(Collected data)

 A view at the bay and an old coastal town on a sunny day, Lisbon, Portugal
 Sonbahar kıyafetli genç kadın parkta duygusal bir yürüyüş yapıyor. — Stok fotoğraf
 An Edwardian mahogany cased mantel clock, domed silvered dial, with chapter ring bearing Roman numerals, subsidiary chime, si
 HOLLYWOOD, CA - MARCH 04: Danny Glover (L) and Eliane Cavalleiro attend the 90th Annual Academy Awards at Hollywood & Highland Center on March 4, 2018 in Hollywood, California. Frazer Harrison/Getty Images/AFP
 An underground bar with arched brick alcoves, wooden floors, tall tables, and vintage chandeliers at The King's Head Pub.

== DESCRIPTION OF THE TASK ==
Search the data for "with". Copy every matching line.

== TASK RESPONSE ==
 An Edwardian mahogany cased mantel clock, domed silvered dial, with chapter ring bearing Roman numerals, subsidiary chime, si
 An underground bar with arched brick alcoves, wooden floors, tall tables, and vintage chandeliers at The King's Head Pub.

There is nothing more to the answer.